Can't you see the leaves starting to turn colors and the autumn breeze shaking the acorns out of their respective trees?
Could it be that it's because it's still August?
Or that it's because I live in the state where any sense of fall comes from the Hobby Lobby cinnamon-scented pine cones and fake leaves that come out of the craft closet?
It's not like I'm bitter or anything. What utter nonsense.
Even though it's still warm (note me being generous here), school has started without it being fall and cues the end of my yearly summer reading binge.
I should have been working on the project list. I should have been organizing the Christmas card list. I should have been learning to do something quite useful.
Here are my glorious, binge-worthy distractions from this summer:
Finished and Placed Back on the Shelf:
Mansfield Park and Northanger Abbey - by Jane Austen
Two that I hadn't read and I loved them. Originally, I was reading them to teach a high school book club, but it's morphed into a book club for anyone who wants to come. It's amazing to me how many people I've had be interested and then commit to come. As I do all of her works, I thought these were classic and lovely escapes.
The Monuments Men, Rescuing Da Vinci and Saving Italy by Robert Edsel
I am such a history nerd. And an art nerd. Put them together and you have a Super History Art Nerd who read all of Robert Edsel's books about saving precious art pieces during the last days of World War II. The movie is great, but the books really do the story (and people) justice. (FYI, because we have little ones running around, I had to censor the front of Saving Italy because of Michelangelo's David, standing there in his birthday suit. I put a sticky note over the top of it. Silly, but effective.)
The Chronicles of Downton Abbey by Jessica Fellowes
You know I just can't wait until January and the new season, so I revisited some past seasons. Matthew and Sybil are still with us in this book. Ah, the good old days. It has stunning photography and has interesting historical notes (which, me being the nerd than I am, makes me quite happy.).
Call the Midwife by Jennifer Worth
I thought that this book (which the tv series is based on and I absolutely adore) was tremendous. I was fascinated with the primitive conditions she shares about 1950s East End London. Plus, it's a lovely telling of how she came to faith because of the nuns she lived and worked with. She ended up writing several books and I'm excited to delve into more of them.
I thought this was a gentle story told by the little girl who suggested to President Lincoln that he grow whiskers. He wrote a sweet letter back to her and then she met him on his way to Washington D.C. for the inauguration. It was a great read aloud to my kids who will be studying this period of history this year.
Little House in the Big Woods - by Laura Ingalls Wilder
I don't think that children's literature can get any better than this. All of my kids loved it, begging for more each time I read a chapter. This books needs no introduction, no review. It's a hand's down classic.
Still Has the Bookmark in It:
In This House of Brede by Rumer Godden
This one was recommended to me by two dear friends who had read it. It's a thought-provoking read about nuns living in a convent. Just because you leave the world behind doesn't mean that takes care of the sin in your heart. In fact, it might just reveal it all the more. I'll be glad when things slow down a bit so that I can get back to it because the characters are that interesting.

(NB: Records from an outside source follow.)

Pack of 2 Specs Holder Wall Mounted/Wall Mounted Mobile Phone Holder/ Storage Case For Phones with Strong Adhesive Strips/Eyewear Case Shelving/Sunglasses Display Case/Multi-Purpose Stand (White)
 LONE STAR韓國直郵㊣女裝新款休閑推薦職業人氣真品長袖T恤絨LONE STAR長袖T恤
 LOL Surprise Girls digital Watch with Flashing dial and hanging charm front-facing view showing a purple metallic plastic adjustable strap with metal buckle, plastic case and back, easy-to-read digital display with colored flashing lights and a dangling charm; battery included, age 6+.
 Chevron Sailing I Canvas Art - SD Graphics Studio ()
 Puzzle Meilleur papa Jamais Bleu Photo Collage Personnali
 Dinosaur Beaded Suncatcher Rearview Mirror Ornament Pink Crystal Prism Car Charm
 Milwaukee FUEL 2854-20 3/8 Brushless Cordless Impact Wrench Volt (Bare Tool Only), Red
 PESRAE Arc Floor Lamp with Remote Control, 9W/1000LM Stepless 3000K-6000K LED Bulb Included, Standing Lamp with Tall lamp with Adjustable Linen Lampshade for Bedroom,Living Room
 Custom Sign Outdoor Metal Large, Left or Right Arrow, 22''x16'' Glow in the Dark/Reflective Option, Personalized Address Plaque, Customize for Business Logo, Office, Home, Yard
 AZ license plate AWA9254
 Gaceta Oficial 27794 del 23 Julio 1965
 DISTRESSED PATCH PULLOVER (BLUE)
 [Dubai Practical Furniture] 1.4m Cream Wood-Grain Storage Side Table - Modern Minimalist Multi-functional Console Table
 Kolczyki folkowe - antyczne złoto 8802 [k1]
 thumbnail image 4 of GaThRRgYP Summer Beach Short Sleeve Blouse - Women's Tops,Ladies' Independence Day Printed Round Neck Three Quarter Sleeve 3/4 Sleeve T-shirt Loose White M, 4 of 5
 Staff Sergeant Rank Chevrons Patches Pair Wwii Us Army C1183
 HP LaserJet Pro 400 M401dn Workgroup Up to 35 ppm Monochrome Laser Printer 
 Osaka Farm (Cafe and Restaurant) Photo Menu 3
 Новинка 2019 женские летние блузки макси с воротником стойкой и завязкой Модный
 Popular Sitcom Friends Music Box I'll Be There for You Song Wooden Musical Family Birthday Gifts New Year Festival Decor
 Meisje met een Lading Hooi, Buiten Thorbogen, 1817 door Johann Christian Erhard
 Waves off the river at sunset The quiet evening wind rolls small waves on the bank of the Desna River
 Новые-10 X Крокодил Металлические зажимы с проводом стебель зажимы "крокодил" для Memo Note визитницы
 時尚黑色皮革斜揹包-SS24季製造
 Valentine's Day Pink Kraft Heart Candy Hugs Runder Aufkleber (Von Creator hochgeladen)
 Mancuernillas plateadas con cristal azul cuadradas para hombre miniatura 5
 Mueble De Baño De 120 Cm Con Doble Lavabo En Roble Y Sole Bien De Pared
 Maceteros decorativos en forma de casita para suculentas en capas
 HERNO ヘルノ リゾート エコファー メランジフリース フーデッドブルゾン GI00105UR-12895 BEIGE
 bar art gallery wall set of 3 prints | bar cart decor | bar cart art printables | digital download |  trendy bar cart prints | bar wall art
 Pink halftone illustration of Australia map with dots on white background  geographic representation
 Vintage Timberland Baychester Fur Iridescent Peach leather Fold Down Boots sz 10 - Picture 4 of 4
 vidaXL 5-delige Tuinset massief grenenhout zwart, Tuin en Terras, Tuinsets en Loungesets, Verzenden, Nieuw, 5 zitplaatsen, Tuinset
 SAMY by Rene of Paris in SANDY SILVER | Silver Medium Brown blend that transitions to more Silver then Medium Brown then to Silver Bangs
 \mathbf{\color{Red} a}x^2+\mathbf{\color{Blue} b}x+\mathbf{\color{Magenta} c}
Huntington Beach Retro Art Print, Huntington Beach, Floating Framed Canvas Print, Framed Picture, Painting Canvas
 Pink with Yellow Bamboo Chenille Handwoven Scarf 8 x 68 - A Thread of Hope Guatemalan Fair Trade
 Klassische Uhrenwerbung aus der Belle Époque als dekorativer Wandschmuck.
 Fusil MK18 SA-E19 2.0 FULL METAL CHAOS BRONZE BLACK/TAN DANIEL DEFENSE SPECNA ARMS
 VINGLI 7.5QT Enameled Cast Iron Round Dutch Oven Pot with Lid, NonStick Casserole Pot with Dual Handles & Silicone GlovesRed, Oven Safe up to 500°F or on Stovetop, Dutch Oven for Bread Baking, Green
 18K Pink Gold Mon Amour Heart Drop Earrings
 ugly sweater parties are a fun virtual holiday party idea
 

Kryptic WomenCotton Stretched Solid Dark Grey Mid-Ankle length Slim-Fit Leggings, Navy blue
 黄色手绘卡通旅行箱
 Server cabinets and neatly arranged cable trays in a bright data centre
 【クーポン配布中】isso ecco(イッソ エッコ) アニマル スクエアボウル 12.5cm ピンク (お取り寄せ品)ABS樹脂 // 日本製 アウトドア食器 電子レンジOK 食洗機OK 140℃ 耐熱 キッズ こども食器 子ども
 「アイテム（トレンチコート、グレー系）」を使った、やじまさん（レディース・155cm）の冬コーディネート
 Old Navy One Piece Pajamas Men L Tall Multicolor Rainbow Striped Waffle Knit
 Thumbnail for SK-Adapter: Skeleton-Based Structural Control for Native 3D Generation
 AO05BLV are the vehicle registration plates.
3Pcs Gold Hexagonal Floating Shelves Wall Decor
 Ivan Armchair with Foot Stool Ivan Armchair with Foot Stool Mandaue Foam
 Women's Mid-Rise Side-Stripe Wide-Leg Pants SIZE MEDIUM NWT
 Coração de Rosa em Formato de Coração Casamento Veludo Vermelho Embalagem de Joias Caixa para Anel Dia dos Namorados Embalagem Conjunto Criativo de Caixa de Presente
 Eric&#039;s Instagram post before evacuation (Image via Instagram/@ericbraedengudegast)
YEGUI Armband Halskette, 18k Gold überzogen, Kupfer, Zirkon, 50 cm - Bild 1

River of Doubt: Theodore Roosevelt's Darkest Journey by Candice Millard
This book follows me throughout my house so that I can snatch bits and pieces whenever I have a free moment. The story of the former president, a man with a bigger-than-life personality, is a fantastic look into his personality and what made him tick. There is quite a lot of evolution discussion in here, added by the author. If you can make it through that, the story is amazing.
Praying The Names of God - by Ann Spangler
This is one of my morning reads and I really like it. I do wish I could find myself getting lost in it like some other books I've read, but it's a great learning tool.
The Beloved Disciple - by Beth Moore
Is there a book out there that she has written that I don't love? I don't think so. This book is achingly familiar in its humanity, divinely hopeful and full of hope and the loveliness of Jesus and our mutual love for each other. I love having this as part of my morning reading.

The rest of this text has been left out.